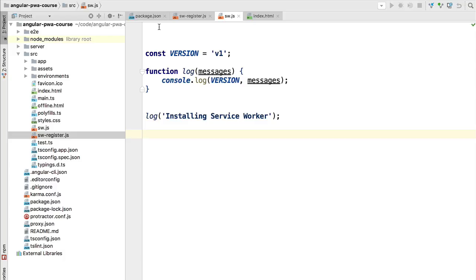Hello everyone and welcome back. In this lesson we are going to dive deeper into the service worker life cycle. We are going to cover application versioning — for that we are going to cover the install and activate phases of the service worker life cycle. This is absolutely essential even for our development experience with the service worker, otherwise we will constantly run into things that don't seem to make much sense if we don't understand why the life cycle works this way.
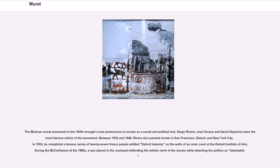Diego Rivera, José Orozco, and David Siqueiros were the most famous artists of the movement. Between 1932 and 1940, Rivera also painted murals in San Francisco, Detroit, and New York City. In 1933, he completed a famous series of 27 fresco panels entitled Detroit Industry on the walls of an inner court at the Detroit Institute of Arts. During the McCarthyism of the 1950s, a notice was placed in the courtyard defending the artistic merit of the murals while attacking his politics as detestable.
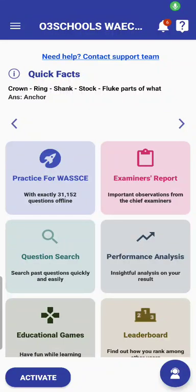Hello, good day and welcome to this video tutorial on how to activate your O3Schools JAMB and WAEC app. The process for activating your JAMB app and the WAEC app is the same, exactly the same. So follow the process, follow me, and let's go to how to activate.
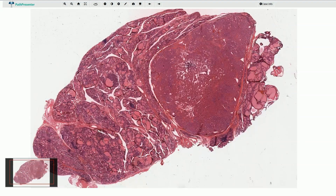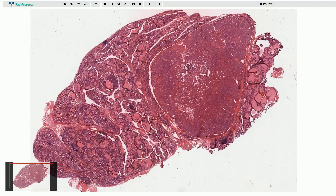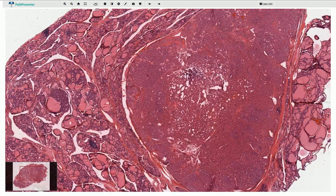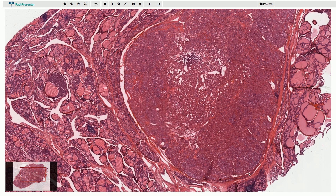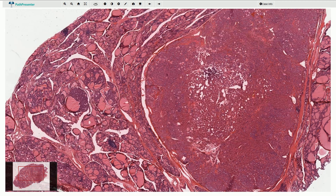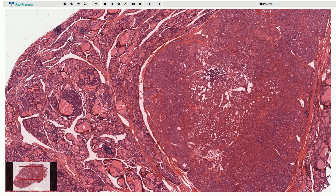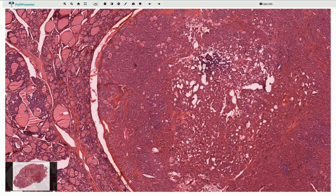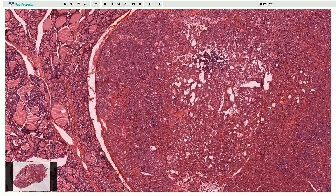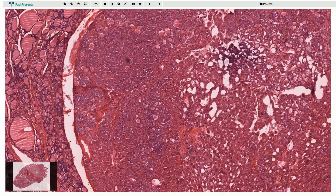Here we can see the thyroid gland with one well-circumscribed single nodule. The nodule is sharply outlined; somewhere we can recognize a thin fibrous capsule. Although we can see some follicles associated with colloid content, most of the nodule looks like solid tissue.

········

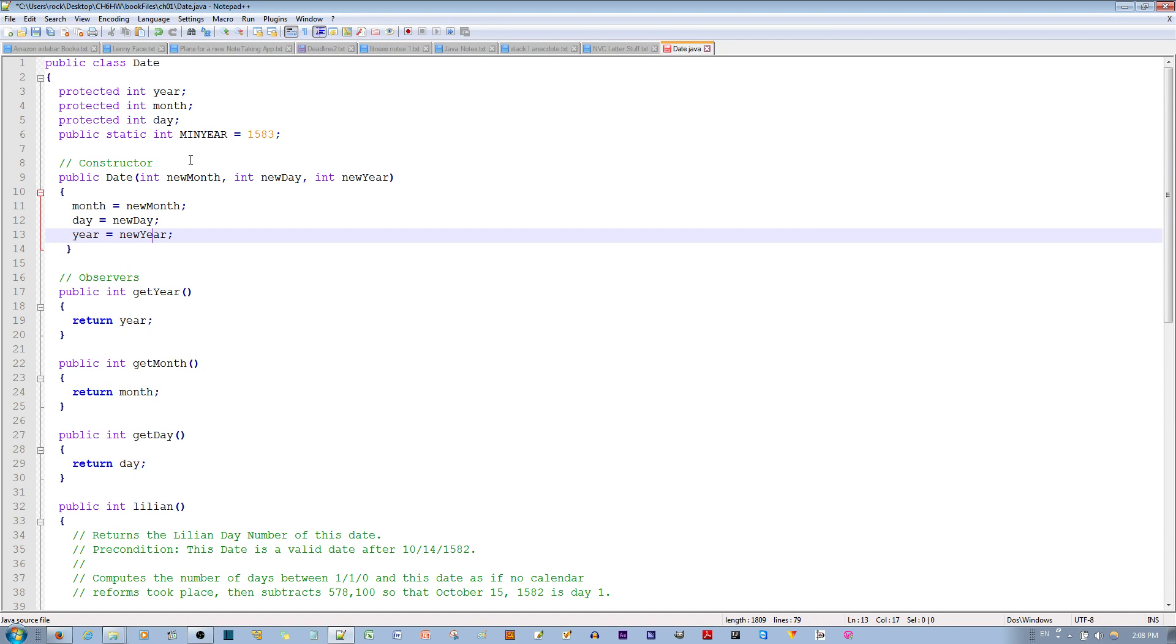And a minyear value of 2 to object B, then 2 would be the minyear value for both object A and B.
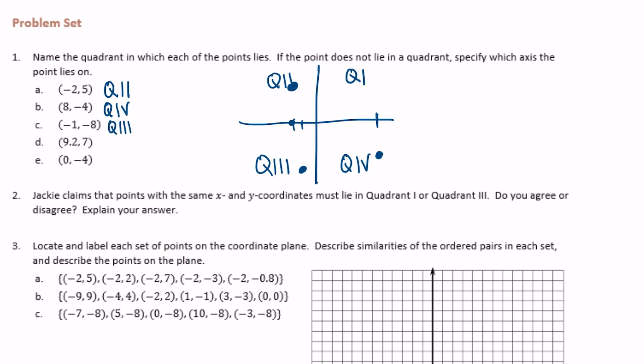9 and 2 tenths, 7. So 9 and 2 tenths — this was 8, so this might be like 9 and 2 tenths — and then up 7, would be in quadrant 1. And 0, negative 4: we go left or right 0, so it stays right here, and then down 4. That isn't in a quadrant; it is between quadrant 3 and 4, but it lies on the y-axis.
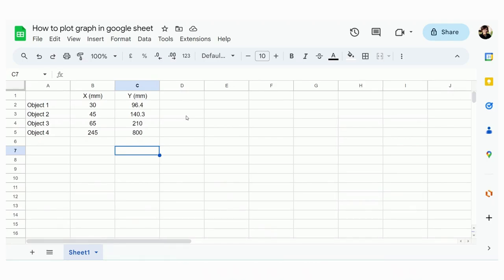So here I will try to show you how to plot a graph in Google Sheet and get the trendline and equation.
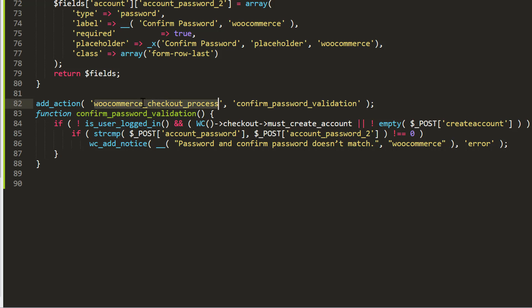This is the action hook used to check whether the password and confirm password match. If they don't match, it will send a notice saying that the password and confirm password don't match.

········

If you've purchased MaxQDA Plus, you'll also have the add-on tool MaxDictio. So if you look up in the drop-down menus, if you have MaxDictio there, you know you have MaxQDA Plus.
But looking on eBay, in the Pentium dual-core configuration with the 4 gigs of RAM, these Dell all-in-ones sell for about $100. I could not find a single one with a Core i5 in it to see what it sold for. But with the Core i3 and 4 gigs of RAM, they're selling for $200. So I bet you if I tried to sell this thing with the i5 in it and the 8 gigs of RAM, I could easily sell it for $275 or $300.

········

The problem: With the pictures removed from your copy, retype the lines above from the one that contains "And a minyear" through the one that contains "This is the", exactly.

Output for this task:
And a minyear value of 2 to object B, then 2 would be the minyear value for both object A and B.
9 and 2 tenths, 7. So 9 and 2 tenths — this was 8, so this might be like 9 and 2 tenths — and then up 7, would be in quadrant 1. And 0, negative 4: we go left or right 0, so it stays right here, and then down 4. That isn't in a quadrant; it is between quadrant 3 and 4, but it lies on the y-axis.
So here I will try to show you how to plot a graph in Google Sheet and get the trendline and equation.
This is the action hook used to check whether the password and confirm password match. If they don't match, it will send a notice saying that the password and confirm password don't match.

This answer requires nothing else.